Once you reach the line with "Fluorita, Barita" below, copy each line exactly, stopping after the line with "(Autor: Raul Vancouver)", and skip any pictures.

* **Extracted information**:
● ● ● ●
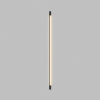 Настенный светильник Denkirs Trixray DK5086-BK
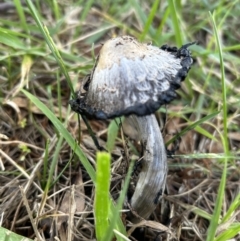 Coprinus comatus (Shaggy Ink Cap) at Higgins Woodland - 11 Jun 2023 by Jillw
● ● ● ●
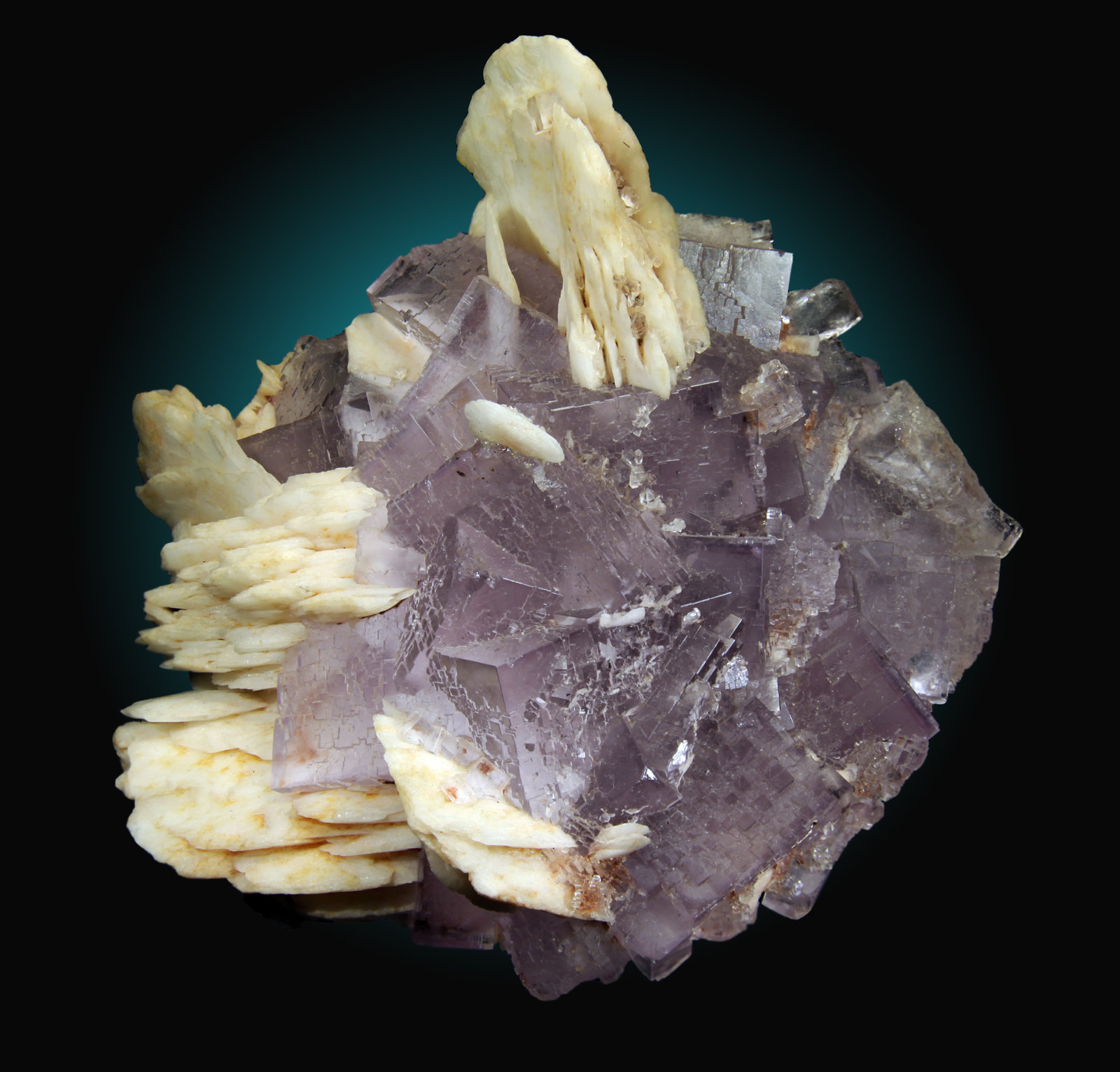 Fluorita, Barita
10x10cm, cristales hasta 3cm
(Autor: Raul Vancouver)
● ● ● ●
* **Result**:
 Fluorita, Barita
10x10cm, cristales hasta 3cm
(Autor: Raul Vancouver)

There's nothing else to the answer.